_Task_.
From the first line of the entries below, reproduce everything exactly through the line with "Program Studi Komunikasi", and nothing more.

_Recorded data_.
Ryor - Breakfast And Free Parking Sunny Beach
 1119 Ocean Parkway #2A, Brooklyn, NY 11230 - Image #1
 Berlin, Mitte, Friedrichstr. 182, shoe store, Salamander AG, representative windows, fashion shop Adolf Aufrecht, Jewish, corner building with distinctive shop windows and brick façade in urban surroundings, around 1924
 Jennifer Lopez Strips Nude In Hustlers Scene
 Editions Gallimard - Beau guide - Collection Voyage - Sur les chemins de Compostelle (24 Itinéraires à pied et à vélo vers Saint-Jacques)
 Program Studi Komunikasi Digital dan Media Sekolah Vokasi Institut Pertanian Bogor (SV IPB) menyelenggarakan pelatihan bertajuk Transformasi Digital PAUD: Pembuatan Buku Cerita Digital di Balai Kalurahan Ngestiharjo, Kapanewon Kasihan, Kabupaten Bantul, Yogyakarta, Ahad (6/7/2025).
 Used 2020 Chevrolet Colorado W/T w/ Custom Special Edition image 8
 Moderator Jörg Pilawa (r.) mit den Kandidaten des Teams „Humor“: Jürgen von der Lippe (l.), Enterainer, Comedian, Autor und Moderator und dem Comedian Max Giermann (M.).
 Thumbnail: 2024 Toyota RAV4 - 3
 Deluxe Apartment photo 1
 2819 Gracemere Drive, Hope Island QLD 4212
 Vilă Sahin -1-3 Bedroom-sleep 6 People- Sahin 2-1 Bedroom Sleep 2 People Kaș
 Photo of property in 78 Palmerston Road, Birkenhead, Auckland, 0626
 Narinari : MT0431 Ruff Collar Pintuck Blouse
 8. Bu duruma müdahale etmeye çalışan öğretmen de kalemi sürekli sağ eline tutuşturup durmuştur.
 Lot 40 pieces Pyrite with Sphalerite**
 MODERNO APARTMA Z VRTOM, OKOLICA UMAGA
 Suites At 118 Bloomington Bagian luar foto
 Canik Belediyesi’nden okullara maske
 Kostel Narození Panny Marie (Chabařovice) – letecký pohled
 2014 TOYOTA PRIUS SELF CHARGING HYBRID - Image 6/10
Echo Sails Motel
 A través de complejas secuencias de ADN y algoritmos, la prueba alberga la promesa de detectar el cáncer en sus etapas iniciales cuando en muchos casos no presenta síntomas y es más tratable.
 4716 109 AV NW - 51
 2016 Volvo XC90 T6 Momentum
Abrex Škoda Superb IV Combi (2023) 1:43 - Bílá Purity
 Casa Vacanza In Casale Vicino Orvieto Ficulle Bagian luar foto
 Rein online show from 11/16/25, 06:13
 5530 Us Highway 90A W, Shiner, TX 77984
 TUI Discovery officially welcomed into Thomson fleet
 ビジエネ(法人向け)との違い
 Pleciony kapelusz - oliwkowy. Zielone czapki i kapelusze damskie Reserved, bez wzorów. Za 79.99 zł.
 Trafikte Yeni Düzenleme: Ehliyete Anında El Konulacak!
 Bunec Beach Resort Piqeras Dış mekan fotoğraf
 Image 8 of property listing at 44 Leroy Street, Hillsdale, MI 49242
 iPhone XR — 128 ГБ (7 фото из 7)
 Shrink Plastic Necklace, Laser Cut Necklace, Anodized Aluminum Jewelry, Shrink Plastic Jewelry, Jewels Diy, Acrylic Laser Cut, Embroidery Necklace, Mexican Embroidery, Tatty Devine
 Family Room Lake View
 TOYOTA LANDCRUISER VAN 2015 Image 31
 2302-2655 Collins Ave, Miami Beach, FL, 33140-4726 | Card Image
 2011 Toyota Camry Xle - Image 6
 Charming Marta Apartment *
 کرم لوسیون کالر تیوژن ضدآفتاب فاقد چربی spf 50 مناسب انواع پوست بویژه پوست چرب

_Output for this exercise_.
Ryor - Breakfast And Free Parking Sunny Beach
 1119 Ocean Parkway #2A, Brooklyn, NY 11230 - Image #1
 Berlin, Mitte, Friedrichstr. 182, shoe store, Salamander AG, representative windows, fashion shop Adolf Aufrecht, Jewish, corner building with distinctive shop windows and brick façade in urban surroundings, around 1924
 Jennifer Lopez Strips Nude In Hustlers Scene
 Editions Gallimard - Beau guide - Collection Voyage - Sur les chemins de Compostelle (24 Itinéraires à pied et à vélo vers Saint-Jacques)
 Program Studi Komunikasi Digital dan Media Sekolah Vokasi Institut Pertanian Bogor (SV IPB) menyelenggarakan pelatihan bertajuk Transformasi Digital PAUD: Pembuatan Buku Cerita Digital di Balai Kalurahan Ngestiharjo, Kapanewon Kasihan, Kabupaten Bantul, Yogyakarta, Ahad (6/7/2025).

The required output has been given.